Andy Golden, Ph.D.
The Section on Genetics of Early Development is investigating the genetic requirements for the earliest stages of development using the model organism C. elegans. They are most interested in gamete differentiation, fertilization, and the signals to initiate embryonic development. To study these events, they have studied genetic mutants defective in each of these processes. They are also beginning to look at orthologs of disease genes that perturb early development.
Genetics of Organelle Biogenesis Section
Kevin F. O'Connell, Ph.D.
The Genetics of Organelle Biogenesis Section studies the biogenesis and function of centrioles, non-membrane bound organelles that play key roles in cell division, motility, and signaling. A growing number of diseases including cancer, autosomal recessive primary microcephaly, and polycystic kidney disease, have been linked to defects in centriole number and/or function. Thus, their work will help shed light on the normal regulatory mechanisms governing centrioles and how these processes go awry in disease.

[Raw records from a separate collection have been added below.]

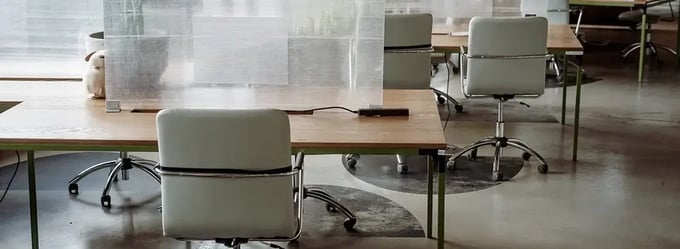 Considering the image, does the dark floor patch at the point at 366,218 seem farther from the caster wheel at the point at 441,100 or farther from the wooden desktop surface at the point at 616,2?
the wooden desktop surface at the point at 616,2

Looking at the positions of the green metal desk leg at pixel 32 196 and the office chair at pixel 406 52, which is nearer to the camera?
the green metal desk leg at pixel 32 196

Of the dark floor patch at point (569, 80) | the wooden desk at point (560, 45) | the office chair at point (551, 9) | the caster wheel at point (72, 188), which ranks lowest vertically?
the caster wheel at point (72, 188)

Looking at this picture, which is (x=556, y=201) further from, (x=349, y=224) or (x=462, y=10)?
(x=462, y=10)

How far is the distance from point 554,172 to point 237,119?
284 centimetres

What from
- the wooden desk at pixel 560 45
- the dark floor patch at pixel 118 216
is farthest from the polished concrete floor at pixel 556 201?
the wooden desk at pixel 560 45

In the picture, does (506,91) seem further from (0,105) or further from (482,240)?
(0,105)

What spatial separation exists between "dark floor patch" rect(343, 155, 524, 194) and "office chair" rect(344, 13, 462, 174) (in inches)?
3.6

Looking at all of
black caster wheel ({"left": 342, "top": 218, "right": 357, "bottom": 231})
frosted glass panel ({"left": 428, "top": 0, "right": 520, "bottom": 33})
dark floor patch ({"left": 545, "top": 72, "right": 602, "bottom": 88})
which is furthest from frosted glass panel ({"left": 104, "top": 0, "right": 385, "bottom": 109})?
dark floor patch ({"left": 545, "top": 72, "right": 602, "bottom": 88})

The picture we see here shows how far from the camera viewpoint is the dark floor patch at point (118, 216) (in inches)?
162

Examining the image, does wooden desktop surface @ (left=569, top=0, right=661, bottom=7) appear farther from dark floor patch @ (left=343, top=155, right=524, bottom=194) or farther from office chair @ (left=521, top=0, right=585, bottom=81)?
dark floor patch @ (left=343, top=155, right=524, bottom=194)

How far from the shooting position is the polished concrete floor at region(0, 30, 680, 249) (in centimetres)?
408

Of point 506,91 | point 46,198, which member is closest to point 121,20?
point 46,198

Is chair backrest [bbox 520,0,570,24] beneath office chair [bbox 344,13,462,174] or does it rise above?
above

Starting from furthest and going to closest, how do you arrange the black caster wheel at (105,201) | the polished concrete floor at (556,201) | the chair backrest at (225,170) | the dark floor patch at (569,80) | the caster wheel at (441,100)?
the dark floor patch at (569,80) < the caster wheel at (441,100) < the black caster wheel at (105,201) < the polished concrete floor at (556,201) < the chair backrest at (225,170) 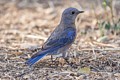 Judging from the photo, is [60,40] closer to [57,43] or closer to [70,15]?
[57,43]

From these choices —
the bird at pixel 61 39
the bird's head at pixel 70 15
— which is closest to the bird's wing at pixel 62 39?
the bird at pixel 61 39

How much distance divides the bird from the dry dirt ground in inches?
6.7

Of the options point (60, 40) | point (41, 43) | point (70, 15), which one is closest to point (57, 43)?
point (60, 40)

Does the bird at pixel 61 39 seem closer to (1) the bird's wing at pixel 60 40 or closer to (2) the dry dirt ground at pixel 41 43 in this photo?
(1) the bird's wing at pixel 60 40

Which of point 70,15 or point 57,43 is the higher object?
point 70,15

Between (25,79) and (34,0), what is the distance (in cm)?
569

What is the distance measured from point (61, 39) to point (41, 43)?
5.04ft

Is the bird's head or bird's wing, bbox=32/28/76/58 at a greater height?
the bird's head

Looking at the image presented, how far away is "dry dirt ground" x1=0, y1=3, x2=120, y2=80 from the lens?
6.52 m

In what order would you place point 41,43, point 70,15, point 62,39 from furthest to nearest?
1. point 41,43
2. point 70,15
3. point 62,39

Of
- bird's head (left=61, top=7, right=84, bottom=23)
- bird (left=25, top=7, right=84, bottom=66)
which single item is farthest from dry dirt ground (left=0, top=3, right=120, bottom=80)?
bird's head (left=61, top=7, right=84, bottom=23)

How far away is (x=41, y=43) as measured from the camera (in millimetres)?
8734

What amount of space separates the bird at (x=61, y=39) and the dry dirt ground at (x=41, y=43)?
170 millimetres

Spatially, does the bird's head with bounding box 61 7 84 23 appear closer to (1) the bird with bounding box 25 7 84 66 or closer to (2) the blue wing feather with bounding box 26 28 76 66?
(1) the bird with bounding box 25 7 84 66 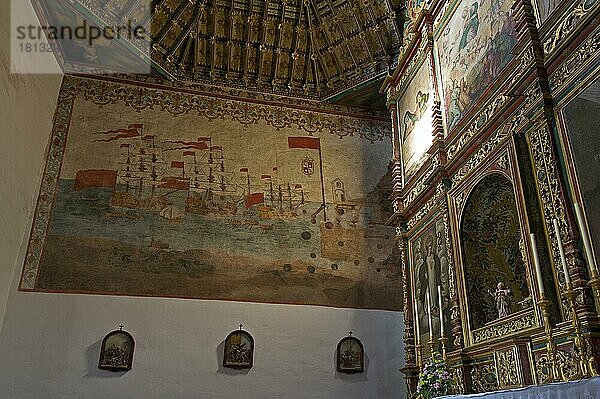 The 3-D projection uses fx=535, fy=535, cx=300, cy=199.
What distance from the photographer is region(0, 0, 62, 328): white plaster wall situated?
8375mm

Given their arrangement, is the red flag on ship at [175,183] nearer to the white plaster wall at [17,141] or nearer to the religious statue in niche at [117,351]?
the white plaster wall at [17,141]

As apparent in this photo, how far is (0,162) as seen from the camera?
826 cm

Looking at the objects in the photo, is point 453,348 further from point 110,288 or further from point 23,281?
point 23,281

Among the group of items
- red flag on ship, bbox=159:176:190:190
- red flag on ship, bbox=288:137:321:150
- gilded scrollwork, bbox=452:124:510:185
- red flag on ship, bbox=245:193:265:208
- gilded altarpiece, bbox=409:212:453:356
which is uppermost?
red flag on ship, bbox=288:137:321:150

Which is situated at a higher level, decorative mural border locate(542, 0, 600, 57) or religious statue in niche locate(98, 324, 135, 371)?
decorative mural border locate(542, 0, 600, 57)

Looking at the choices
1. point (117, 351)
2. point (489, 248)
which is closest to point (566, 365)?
point (489, 248)

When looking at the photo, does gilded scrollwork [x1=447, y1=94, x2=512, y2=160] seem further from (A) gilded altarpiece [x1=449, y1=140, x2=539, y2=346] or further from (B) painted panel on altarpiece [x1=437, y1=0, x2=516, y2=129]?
(A) gilded altarpiece [x1=449, y1=140, x2=539, y2=346]

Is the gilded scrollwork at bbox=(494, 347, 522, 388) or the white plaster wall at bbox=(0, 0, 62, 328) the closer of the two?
the gilded scrollwork at bbox=(494, 347, 522, 388)

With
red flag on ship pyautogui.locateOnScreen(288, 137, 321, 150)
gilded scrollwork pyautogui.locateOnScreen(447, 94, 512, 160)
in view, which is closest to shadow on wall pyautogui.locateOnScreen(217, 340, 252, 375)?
red flag on ship pyautogui.locateOnScreen(288, 137, 321, 150)

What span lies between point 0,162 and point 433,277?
676 centimetres

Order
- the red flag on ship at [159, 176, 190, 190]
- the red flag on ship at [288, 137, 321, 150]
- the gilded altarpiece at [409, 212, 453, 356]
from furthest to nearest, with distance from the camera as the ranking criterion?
the red flag on ship at [288, 137, 321, 150] < the red flag on ship at [159, 176, 190, 190] < the gilded altarpiece at [409, 212, 453, 356]

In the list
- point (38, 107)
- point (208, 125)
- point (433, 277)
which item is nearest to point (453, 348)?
point (433, 277)

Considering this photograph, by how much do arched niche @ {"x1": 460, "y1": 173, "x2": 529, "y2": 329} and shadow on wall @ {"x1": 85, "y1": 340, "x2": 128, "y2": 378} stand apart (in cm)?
570

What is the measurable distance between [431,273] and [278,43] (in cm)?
652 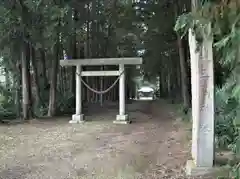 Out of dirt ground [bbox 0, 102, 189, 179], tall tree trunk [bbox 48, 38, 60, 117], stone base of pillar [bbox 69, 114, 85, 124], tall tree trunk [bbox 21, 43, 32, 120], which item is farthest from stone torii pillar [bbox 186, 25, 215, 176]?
tall tree trunk [bbox 48, 38, 60, 117]

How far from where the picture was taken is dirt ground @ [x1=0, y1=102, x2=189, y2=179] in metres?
4.51

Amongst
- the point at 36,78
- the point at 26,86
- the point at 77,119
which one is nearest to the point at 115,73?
the point at 77,119

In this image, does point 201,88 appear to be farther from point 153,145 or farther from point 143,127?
point 143,127

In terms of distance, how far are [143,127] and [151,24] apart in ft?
19.8

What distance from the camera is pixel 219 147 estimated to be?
5.32 metres

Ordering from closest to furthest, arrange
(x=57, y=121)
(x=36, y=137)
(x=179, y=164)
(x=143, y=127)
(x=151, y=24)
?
(x=179, y=164) < (x=36, y=137) < (x=143, y=127) < (x=57, y=121) < (x=151, y=24)

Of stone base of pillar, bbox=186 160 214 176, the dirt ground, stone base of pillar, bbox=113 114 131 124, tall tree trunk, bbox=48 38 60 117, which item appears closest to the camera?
stone base of pillar, bbox=186 160 214 176

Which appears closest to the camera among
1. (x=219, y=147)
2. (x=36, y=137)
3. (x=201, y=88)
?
(x=201, y=88)

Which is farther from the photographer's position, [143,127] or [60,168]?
[143,127]

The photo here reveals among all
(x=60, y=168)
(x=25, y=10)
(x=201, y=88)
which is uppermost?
(x=25, y=10)

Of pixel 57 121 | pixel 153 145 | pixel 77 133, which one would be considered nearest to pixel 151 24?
pixel 57 121

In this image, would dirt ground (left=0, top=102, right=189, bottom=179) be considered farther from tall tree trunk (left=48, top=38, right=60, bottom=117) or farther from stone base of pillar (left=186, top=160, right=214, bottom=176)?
tall tree trunk (left=48, top=38, right=60, bottom=117)

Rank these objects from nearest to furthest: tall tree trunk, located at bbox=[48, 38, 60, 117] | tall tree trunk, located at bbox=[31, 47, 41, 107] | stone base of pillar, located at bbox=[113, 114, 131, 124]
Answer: stone base of pillar, located at bbox=[113, 114, 131, 124] → tall tree trunk, located at bbox=[48, 38, 60, 117] → tall tree trunk, located at bbox=[31, 47, 41, 107]

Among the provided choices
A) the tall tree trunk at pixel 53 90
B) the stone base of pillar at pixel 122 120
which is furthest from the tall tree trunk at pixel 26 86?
the stone base of pillar at pixel 122 120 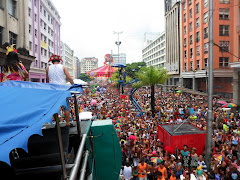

Genetics of Simple Eukaryotes Section
Reed B. Wickner, M.D., NIH Distinguished Investigator
The Genetics of Simple Eukaryotes Section uses S. cerevisiae to study infectious diseases, particularly prions (infectious proteins). By examining the structure of the amyloids underlying most yeast prions, and the genetics of prion propagation and generation we have obtained an understanding of how proteins can be the basis of genetic information propagation, discovered several means of curing prions, and obtained information that will likely be useful in studies of human amyloidoses.
Herbert Tabor, M.D.
The Pharmacology Section studies the polyamines—putrescine, spermidine, and spermine—which are major polybasic compounds in all living cells. These amines are important for many systems related to growth and differentiation. Researchers in this section investigate how these polyamines are synthesized, how their biosynthesis and degradation are regulated, their physiologic functions, and how they act in vivo. For this purpose, section scientists have constructed null mutants in each of the biosynthetic steps in both Escherichia coli and in S. cerevisiae. These mutants are unable to make these amines; hence, they are very useful tools to study the physiological effects of lacking these amines. Research in the section has demonstrated that the polyamines are required for the following functions: growth of the organisms, sporulation, maintenance of the killer dsRNA virus, protection against oxidative damage, protection against elevated temperatures, fidelity of protein biosynthesis, and maintenance of mitochondria. Additionally, scientists have constructed clones that overproduce the various enzymes and studied the sequence, structure, and regulation of these enzymes (e.g., ornithine decarboxylase, spermidine synthase, spermine synthase, and S-adenosylmethionine decarboxylase.
Physical Biochemistry Section
Allen P. Minton, Ph.D.
The Section on Physical Biochemistry is engaged in quantitative studies of effect of high concentrations of nominally inert small molecule and macromolecular cosolutes on the thermodynamic and hydrodynamic behavior of selected proteins and nucleic acids. The identification and characterization of such effects is essential for an understanding and quantitative prediction of the functional behavior of proteins and nucleic acids within complex physiological media. These studies are carried out both theoretically and experimentally, often using concepts and experimental tools developed in our laboratory.
Protein Chaperones and Amyloid Section
Daniel C. Masison, Ph.D.
The Protein Chaperones & Amyloid Section identifies and characterizes cellular factors that influence propagation of the S. cerevisiae [PSI+] prion. [PSI+] is thought to be an amyloid form of Sup35, a protein involved in termination of protein synthesis. About two dozen human disorders, which include Type 2 diabetes and Alzheimer's disease, are associated with accumulation of amyloid forms of proteins. In addition to simply growing, transmissible [PSI+] particles, or prion "seeds", must replicate to be maintained in a growing yeast population. Research in this section provides a better understanding of how protein chaperones (Hsp70, Hsp40, and Hsp104) and TPR co-chaperones function in amyloid propagation. The normal function of this chaperone machine appears to promote amyloid propagation by breaking fibers into more numerous pieces, each of which can continue to propagate the amyloid structure. Section researchers have identified several mutations in these chaperones that variously affect the [PSI+] seeding process—findings that will improve understanding of the underlying molecular mechanisms.